### Brief
The answer must reproduce exactly the lines from the one with "Kalmar House |" through the end of the material, and it must contain no pictures.

START Dataset content

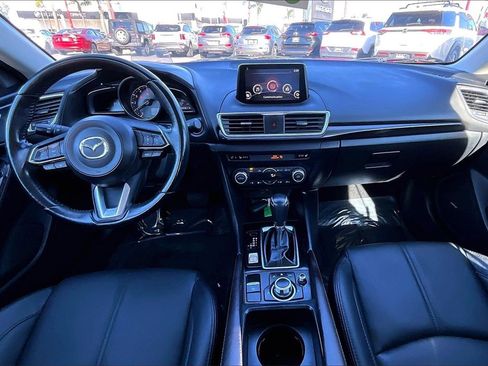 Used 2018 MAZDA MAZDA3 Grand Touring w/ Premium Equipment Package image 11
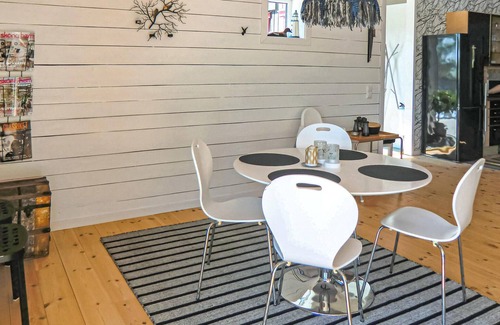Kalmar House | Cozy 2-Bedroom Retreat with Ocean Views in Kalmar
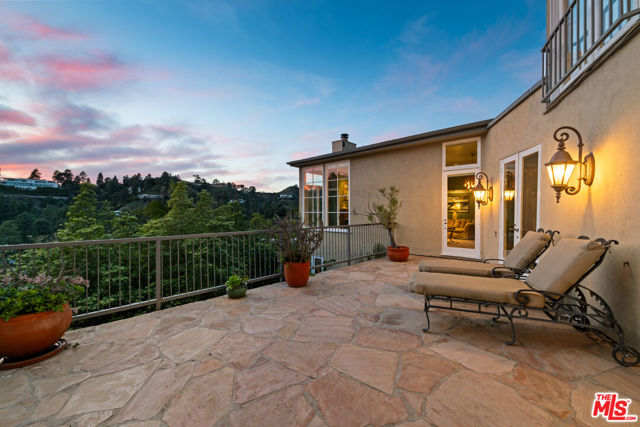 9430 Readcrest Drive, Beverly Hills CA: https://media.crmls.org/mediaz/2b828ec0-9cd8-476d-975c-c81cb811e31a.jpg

END Dataset content

### Reply to the task
Kalmar House | Cozy 2-Bedroom Retreat with Ocean Views in Kalmar
 9430 Readcrest Drive, Beverly Hills CA: https://media.crmls.org/mediaz/2b828ec0-9cd8-476d-975c-c81cb811e31a.jpg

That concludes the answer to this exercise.